Also in the busy year 1753, Nathaniel and Eunice began construction of a New England salt-box style house in Redding, on 20 acres of land donated by the church as part of the settlement arrangements for his pastorate, being a common practice of the era. Per the Redding Church Records, the property was deeded over to Bartlett on June 8, 1753, by Deacon Lemuel Sanford. Now identified as the Jonathan B. Sanford House in the Survey of Historic Buildings in the Library of Congress, it is still in use today as a single family residence. (The original land holding is intact as well, as the Internet currently shows the property lot size as 21.59 acres).
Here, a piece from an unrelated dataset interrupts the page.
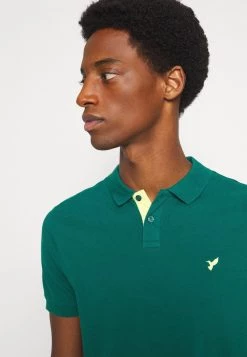 Pier One Hombre Polo - Green -Pier One Tienda 21c5e162d9924da386180c5120ea2ed6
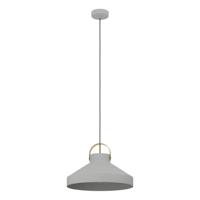 Stars of Light Grijze hanglampEstepona Ø 42cm - 390226 - thumbnail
In its external appearance, it remains virtually unchanged from how it must originally have looked, except for a wing added on to the east in 1847, and a patio out back. It is located on 10 Cross Highway, just off Route # 107 in Redding Center, directly across from the "Heritage House" senior center- near the site of the original Congregational Church, which burned down on May 4, 1942. After the deaths of Nathaniel and Eunice in 1810, the house was inherited by their youngest son, the Rev. Jonathan Bartlett, the only son who remained in Connecticut. (Russell Bartlett was living in Cooperstown, Otsego County, New York, and Daniel Collins Bartlett was living in Amenia, Dutchess County, New York at the time of their parents’ deaths). Upon his death in 1858, the Rev. Jonathan Bartlett who died childless, in turn passed the house down to his nephew by marriage and second cousin on the maternal side, Lemuel Sanford IV. The Bartlett / Sanford House remained in the Sanford family until finally being sold out of the family on May 21, 1969.

== Dual career ==

Bartlett was a teacher as well as a minister, which was a common practice in that era, preparing many young men for higher education. His most noted pupil was the poet Joel Barlow, one of the "Hartford Wits". While attending the village school which Bartlett taught in Redding, Joel Barlow composed poetry in his free time. Recognizing his talent, Bartlett showed the boy's poems to Joel's father, recommending that a youth with such promise should be prepared for college. Joel's father agreed, and Joel was tutored by Bartlett 1772–1773. Joel Barlow went on to write numerous poems, which were famous in their day. Joel went to France during the French Revolution, and died during Napoleon's disastrous retreat from Russia while serving with the French Army as a special envoy from President James Madison.

== Death ==

Bartlett died in Redding, Connecticut, on January 11, 1810. His widow survived him by only a few months, dying on August 2 of that same year. Bartlett was said to be a fine scholar and an eloquent preacher, who tended to the spiritual and temporal needs of his flock until very near the end of his long productive life. Upon his death, an inventory of his estate revealed assets of around $5,000.00 in value, including a small library of some 24 volumes and 85 pamphlets.

== Bibliography ==
- Banks, Lawrence (1958). "225th Anniversary of the First Church of Christ Congregational in Redding, Connecticut – A Brief History – 1733–1958"
- "Connecticut Deaths and Burials, 1772–1934"
- Cubberly, Ellwood P (1919). "Interpretation of American Educational History"
- Davidson, Philip (1941). "Propaganda and the American Revolution 1763–1783"
- Dexter, Franklin B (1896). "Biographical sketches of the Graduates of Yale College with Annals of the College History"
- Grumman, William Edgar (1904). "The Revolutionary Soldiers of Redding, Connecticut"
- Powers, William H. (1929). "Dictionary of American Biography"
- Kingsley, William L (1861). "Contributions to the Ecclesiastical History of Connecticut"
- Litz, A. Walton. "American Writers – A Collection of Literary Biographies"
- "Redding Congregational Church Records" (1753)
- "Redding Congregational Church Records" (1809)
- Roberts, Gary Boyd (1983). "Genealogies of Connecticut Families"
- Russell, Gurdon W (1910). "An Account of Some of the Descendants of John Russell the Emigrant"
- Taylor, Robert J. (1979). "Colonial Connecticut – A History"
- Todd, Charles B (1906). "The History of Redding, Connecticut"
- Tucker, Louis L (1962). "Puritan Protagonist- President Thomas Clap of Yale College"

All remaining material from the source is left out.